I've got a basic codeset like this (inside a controller):
$sql = 'select * from someLargeTable limit 1000';
$em = $this->getDoctrine()->getManager();
$conn = $em->getConnection();
$statement = $conn->prepare($sql);
$statement->execute();
My difficulty is that when the resultset is only a few records, the memory usage is not that bad. I echoed some debugging information before and after running the $statement->execute(); part of the code, and found for my implementation that I have the following:
pre-execute... rowCount :: 0 memory: 49.614 MB
post-execute... rowCount :: 1000 memory: 50.917 MB
When moving this up from 1000 records, to 10k the difference in MB usage grows to 13 MB
pre-execute... rowCount :: 0 memory: 49.614 MB
post-execute... rowCount :: 10000 memory: 62.521 MB
Eventually, retrieving around 50k records I get close to my maximum memory allocation:
pre-execute... rowCount :: 0 memory: 49.614 MB
post-execute... rowCount :: 50000 memory: 114.096 MB
With this implementation, there is no way I could write a controller (or even command for that matter) that will allow me to retrieve a CSV of data. Sure, 50k+ entries sounds a lot and the question begs why, but that's not the issue.

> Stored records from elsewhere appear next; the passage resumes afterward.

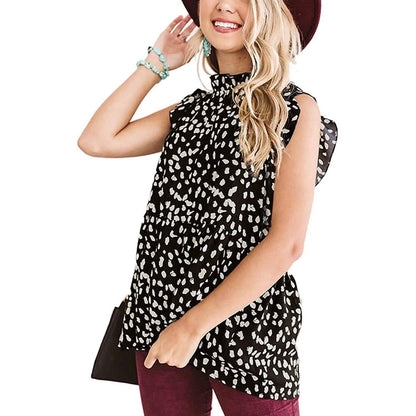 Blusa Túnica Babydoll Informal Estampado Floral para Mujer Angashion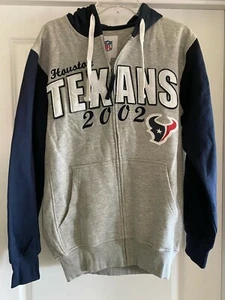 NUEVO CON ETIQUETAS PARA HOMBRE PEQUEÑO S NFL ROPA EQUIPO DE FÚTBOL AMERICANO HOUSTON TEXANS CHAQUETA CON CAPUCHA WOW - Imagen 1 de 8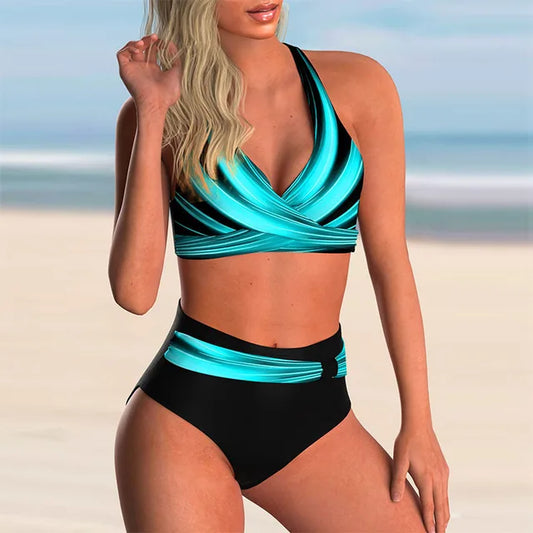 Damens Bikini-Set mit hohem Bund und Push-up Effekt von WOLFFMODE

My ultimate question is: Is it possible to tell the DBAL/Connection or DBAL/Statement to, when executing, buffer the data inside SQL rather than in PHP in it's entirety. For instance, if I have 10 million rows, to only send the first say 10k rows to PHP... let me look through them by way of @statement->fetch(); and when the cursor gets to the end of the 10k, truncate the array and fetch the next 10k from the DB?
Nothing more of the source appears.